3. Add a Document Search Layer with LlamaIndex, LangChain, or ChromaDB and,
4. Build a Local Web interface using Streamlit or Gradio; Terminal/chatbot interface with local terminal and integrate with VS Code + Python Notebook for deeper analysis
Don't ask, as I said I'm learning so at the time of drafting this I have no idea what they all mean but it sounds good!

It then started asking me about my data and it's structure. I concentrated on my Horse Racing database advising it's SQL Server based and asked if the bot would be able to connect directly … it responded it can and in doing so it will be able to run SQL queries from natural language instructions. Brilliant, I struggle with the finer points of SQL.
It kept wanting to 'set this up', it did what in the sales world is called a 'trial close' after answering every question. I guess that part of it was trained by a double glazing salesman!

Apparently there should be no problem moving your setup at a later date say if you replace your PC or maybe decide to go VPS/Cloud based.
We then moved on to comparing what to install which it summarised as follows …
… and it recommended Mistral 7B via Ollama giving various reasons which I won't bore you with here but you can ask GPT. But it also confirmed I can install more than one model (say llama3) and switch between then using ollama (and No, I don't really know what that means!

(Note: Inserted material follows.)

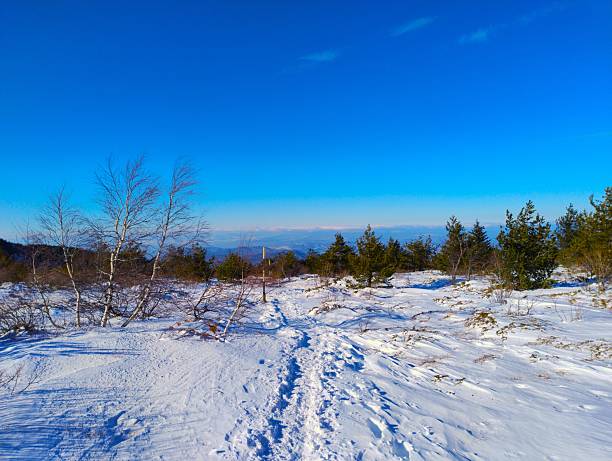 Road in a snowy forest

As the conversation developed it summarised the "Bot's Job Description" as it put it as “Answer statistical questions and produce a table, by pulling structured data from SQL, combining it with external sources (like ratings/tipsters), and outputting a probability-based race assessment.” And that will require …
An SQL query layer (via LangChain or manual function)
A web scraping / API connector (for pulling online ratings/news)
A probability calculator. This could be: Rule-based logic (e.g. weight certain stats), Simple logistic regression or even an ensemble model — eventually (had to look that last one up!)
It summarised the blueprint for the bot as …
Component Tech
AI Model Mistral 7B via Ollama
Interface Python script or web (Gradio/Streamlit)
Data Source SQL Server 2008 R2 (via pyodbc/sqlalchemy)
Online Ratings Web scraping (BeautifulSoup/Selenium) or API (if available)
Win Probability Logic Custom Python logic (initially) + optional ML later
Output Markdown or HTML tables for readability
I was further pleased to be told the bot will be able to create a new database with tables to store the scraped data from online sources.
We then installed Ollama & Mistral 7B on my PC. I did ask if I needed all the contents of the core as it takes up a fair slice of Drive and could I remove some but was told the bot needed all it's leant as it's not subject specific and to remove it would be like removing my brain!
It then asked me to map the database which I did by way of a screen grab showing the relationships between the tables and in Excel I listed all fields in the relevant table, explaining their content and marking if relevant or not. And that's where I am as I draft this post. Next will be to connect the bot to the database on SQL Server and where to go from there.
I hope some find this project interesting and if you feel I did something wrong or could have done better please say so.